Ask anyone in this business: the aid industry in general and donors in particular have a very low tolerance to risk. Donors will always award the majority of their money to Low-risk programs implemented by solid, low-risk partners. Innovation, particularly involving technology, is high risk.
In fact, don’t ask anyone — just look at a typical donors’ portfolio. Innovation — usually folded in together with Technology — is treated as a separate topic, to be funded through its own, very small mechanism and to deliver against “innovation” goals. Innovation for the sake of innovation, basically:
Funding decisions, management and evaluation are all done in isolation from everything else and the whole thing is anyway a rounding error to the juggernaut of development.
I know people will challenge this. They will say this has changed and that these days innovation has been “vertically integrated” and that modern funding mechanisms actually require some sort of innovation. That’s kind of true, actually. Alas it doesn’t really change things because “vertical integration” in practice means that large implementation consortia bring on board token “innovation partners” to pass muster. That ensures that everything remains as it always was — the majority of the resources go to the same old implementers who implement the same old activities and churn out the same old reports. The “innovation” or “technology” partners are involved as far as it is required to provide a few trainings or roll out some technology or another — usually an app:
Well, I believe such arrangements are far from “low risk”. In fact, I believe this is the single highest risk our industry faces at the moment. Why? Because essentially — and this has been the case for long decades — large funding mechanisms are highly complexified platforms that purchase highly elaborate reports written around the same topics. “Innovation” in this context is nothing more than a commoditized service to be plug-and-played to standard consortia.

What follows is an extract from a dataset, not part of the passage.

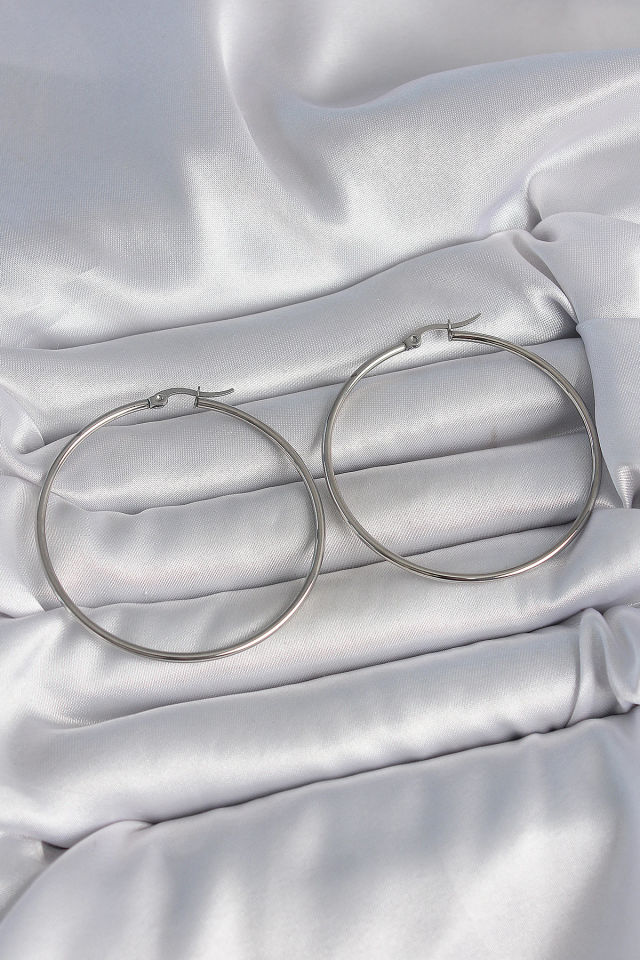 316 Çelik Gümüş Renk 53 mm Halka Model Kadın Küpe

Around this reality the proverbial Poverty Inc. has thrived, ever eager to project safety and low risk. The low perceived risks in this arrangement are mostly because there are no surprises — spending pipelines are consistent, there are no changes of plans, reports come in on time. However, the actual risks — the ones that should really matter — are plenty:
- The risk of reinforcing (rewarding) bad or unproven habits in our industry. Trainings, technical assistance, capacity building, those sorts of things. I argued elsewhere that this is not an accident. The fact that these activities are favoured over others, potentially more impactful, has everything to do with predictability, easiness to forecast expenses and, indeed, low perceived risk.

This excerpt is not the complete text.